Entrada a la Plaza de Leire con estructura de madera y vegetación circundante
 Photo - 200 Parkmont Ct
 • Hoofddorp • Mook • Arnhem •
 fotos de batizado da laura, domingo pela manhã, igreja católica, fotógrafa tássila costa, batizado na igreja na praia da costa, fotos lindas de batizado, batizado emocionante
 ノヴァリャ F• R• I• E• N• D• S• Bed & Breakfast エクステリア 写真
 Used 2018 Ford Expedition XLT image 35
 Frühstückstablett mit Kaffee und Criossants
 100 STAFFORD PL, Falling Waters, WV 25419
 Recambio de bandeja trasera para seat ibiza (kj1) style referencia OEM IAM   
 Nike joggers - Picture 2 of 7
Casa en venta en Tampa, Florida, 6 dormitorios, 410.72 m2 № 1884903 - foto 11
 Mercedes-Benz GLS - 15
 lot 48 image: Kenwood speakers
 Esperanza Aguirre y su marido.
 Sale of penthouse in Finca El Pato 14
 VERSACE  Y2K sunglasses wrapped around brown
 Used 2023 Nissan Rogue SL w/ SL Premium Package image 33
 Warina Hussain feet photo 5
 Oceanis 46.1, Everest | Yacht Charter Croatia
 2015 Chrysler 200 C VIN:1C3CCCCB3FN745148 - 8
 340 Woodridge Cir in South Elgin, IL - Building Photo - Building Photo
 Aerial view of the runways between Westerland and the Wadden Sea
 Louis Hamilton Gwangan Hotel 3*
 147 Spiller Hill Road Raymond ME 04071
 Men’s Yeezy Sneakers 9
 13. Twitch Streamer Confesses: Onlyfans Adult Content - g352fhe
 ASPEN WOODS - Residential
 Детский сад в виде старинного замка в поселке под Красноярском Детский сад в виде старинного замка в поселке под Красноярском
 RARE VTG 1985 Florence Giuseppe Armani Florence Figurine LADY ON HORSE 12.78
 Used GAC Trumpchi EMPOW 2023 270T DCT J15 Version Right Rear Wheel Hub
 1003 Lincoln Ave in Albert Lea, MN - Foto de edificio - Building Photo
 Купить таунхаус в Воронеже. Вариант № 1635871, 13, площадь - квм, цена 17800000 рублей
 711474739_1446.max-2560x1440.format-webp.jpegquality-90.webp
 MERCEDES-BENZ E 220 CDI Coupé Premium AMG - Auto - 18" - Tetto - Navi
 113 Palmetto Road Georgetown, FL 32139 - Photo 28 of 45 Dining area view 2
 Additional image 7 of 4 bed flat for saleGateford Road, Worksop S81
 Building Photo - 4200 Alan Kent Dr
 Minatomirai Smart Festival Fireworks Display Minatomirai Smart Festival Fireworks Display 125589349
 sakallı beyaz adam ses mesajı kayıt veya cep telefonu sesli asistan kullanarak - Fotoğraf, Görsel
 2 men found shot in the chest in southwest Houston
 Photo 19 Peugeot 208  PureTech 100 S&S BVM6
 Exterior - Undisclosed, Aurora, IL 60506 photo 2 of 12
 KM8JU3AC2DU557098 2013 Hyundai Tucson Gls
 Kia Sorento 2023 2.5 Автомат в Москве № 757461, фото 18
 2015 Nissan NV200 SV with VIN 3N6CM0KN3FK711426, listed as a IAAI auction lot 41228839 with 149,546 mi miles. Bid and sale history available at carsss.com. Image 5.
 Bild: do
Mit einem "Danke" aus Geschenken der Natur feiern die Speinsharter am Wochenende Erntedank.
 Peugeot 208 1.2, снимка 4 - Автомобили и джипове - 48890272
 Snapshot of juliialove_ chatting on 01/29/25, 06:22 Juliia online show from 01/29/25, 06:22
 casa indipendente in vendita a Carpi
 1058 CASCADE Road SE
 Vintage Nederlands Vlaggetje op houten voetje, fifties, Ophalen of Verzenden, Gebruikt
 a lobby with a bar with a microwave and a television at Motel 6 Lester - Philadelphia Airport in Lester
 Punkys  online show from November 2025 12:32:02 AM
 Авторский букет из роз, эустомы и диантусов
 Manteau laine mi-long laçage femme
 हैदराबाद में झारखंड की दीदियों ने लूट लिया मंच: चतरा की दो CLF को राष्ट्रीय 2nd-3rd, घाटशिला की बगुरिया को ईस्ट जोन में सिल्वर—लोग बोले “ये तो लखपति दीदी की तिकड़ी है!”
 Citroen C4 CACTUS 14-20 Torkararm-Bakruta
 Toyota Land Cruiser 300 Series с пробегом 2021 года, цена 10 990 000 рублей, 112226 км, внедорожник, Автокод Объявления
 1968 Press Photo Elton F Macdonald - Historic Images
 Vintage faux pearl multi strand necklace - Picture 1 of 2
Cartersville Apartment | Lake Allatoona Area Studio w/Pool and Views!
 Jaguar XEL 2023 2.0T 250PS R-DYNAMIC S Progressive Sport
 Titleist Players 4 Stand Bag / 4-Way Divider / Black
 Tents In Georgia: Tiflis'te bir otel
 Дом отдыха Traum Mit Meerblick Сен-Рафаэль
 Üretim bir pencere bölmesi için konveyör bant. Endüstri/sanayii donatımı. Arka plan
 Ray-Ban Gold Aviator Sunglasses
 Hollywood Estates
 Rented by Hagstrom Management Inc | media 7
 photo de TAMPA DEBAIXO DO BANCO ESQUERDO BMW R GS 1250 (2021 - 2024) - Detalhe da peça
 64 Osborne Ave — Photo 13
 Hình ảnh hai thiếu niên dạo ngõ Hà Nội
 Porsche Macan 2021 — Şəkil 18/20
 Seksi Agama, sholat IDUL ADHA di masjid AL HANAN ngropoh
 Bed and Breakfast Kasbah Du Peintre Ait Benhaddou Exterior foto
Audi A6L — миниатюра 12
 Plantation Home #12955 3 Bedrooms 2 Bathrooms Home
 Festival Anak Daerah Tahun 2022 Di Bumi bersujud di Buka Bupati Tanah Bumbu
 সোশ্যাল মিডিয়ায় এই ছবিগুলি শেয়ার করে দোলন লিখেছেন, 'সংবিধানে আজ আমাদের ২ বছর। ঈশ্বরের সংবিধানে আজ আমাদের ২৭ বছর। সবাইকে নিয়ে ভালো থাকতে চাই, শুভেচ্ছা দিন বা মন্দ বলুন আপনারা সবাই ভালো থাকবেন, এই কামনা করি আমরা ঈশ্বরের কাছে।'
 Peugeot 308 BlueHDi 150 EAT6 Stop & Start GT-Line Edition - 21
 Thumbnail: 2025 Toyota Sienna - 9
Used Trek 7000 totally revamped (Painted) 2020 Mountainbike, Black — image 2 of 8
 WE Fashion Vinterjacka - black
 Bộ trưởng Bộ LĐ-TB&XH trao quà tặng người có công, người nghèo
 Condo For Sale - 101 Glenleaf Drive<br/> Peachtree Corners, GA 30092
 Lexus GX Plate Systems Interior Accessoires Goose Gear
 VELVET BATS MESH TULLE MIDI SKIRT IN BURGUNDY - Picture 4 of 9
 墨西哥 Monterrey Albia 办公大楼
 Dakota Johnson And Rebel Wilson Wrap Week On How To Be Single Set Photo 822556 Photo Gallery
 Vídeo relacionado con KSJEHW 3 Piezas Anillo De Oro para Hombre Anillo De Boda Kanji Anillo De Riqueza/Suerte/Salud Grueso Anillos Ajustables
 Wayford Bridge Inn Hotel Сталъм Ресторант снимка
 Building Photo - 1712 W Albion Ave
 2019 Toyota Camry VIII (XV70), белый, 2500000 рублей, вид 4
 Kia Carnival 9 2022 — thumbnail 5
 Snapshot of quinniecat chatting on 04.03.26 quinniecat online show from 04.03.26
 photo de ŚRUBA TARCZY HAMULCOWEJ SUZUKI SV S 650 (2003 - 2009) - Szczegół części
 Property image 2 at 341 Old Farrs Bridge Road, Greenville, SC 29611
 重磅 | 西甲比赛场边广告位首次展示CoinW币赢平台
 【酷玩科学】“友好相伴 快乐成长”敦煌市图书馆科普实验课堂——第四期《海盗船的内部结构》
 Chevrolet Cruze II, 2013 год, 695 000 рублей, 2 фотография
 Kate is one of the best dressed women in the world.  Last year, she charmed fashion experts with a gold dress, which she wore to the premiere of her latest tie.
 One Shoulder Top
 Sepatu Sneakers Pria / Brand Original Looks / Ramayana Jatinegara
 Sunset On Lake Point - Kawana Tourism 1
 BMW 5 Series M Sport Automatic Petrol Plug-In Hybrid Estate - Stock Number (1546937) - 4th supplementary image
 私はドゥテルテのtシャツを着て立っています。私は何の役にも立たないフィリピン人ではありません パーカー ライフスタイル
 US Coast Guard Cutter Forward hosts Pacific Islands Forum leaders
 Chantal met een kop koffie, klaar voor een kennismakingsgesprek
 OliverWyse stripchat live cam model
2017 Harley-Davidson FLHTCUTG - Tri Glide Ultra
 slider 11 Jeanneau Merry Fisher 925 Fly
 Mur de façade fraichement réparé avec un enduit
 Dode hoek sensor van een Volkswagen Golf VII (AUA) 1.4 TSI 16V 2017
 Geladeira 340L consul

* [What is required]:
Lines from the first one above through the line containing "Купить таунхаус в" are to be retyped exactly, both included, and nothing more.

* [Your solution]:
Entrada a la Plaza de Leire con estructura de madera y vegetación circundante
 Photo - 200 Parkmont Ct
 • Hoofddorp • Mook • Arnhem •
 fotos de batizado da laura, domingo pela manhã, igreja católica, fotógrafa tássila costa, batizado na igreja na praia da costa, fotos lindas de batizado, batizado emocionante
 ノヴァリャ F• R• I• E• N• D• S• Bed & Breakfast エクステリア 写真
 Used 2018 Ford Expedition XLT image 35
 Frühstückstablett mit Kaffee und Criossants
 100 STAFFORD PL, Falling Waters, WV 25419
 Recambio de bandeja trasera para seat ibiza (kj1) style referencia OEM IAM   
 Nike joggers - Picture 2 of 7
Casa en venta en Tampa, Florida, 6 dormitorios, 410.72 m2 № 1884903 - foto 11
 Mercedes-Benz GLS - 15
 lot 48 image: Kenwood speakers
 Esperanza Aguirre y su marido.
 Sale of penthouse in Finca El Pato 14
 VERSACE  Y2K sunglasses wrapped around brown
 Used 2023 Nissan Rogue SL w/ SL Premium Package image 33
 Warina Hussain feet photo 5
 Oceanis 46.1, Everest | Yacht Charter Croatia
 2015 Chrysler 200 C VIN:1C3CCCCB3FN745148 - 8
 340 Woodridge Cir in South Elgin, IL - Building Photo - Building Photo
 Aerial view of the runways between Westerland and the Wadden Sea
 Louis Hamilton Gwangan Hotel 3*
 147 Spiller Hill Road Raymond ME 04071
 Men’s Yeezy Sneakers 9
 13. Twitch Streamer Confesses: Onlyfans Adult Content - g352fhe
 ASPEN WOODS - Residential
 Детский сад в виде старинного замка в поселке под Красноярском Детский сад в виде старинного замка в поселке под Красноярском
 RARE VTG 1985 Florence Giuseppe Armani Florence Figurine LADY ON HORSE 12.78
 Used GAC Trumpchi EMPOW 2023 270T DCT J15 Version Right Rear Wheel Hub
 1003 Lincoln Ave in Albert Lea, MN - Foto de edificio - Building Photo
 Купить таунхаус в Воронеже. Вариант № 1635871, 13, площадь - квм, цена 17800000 рублей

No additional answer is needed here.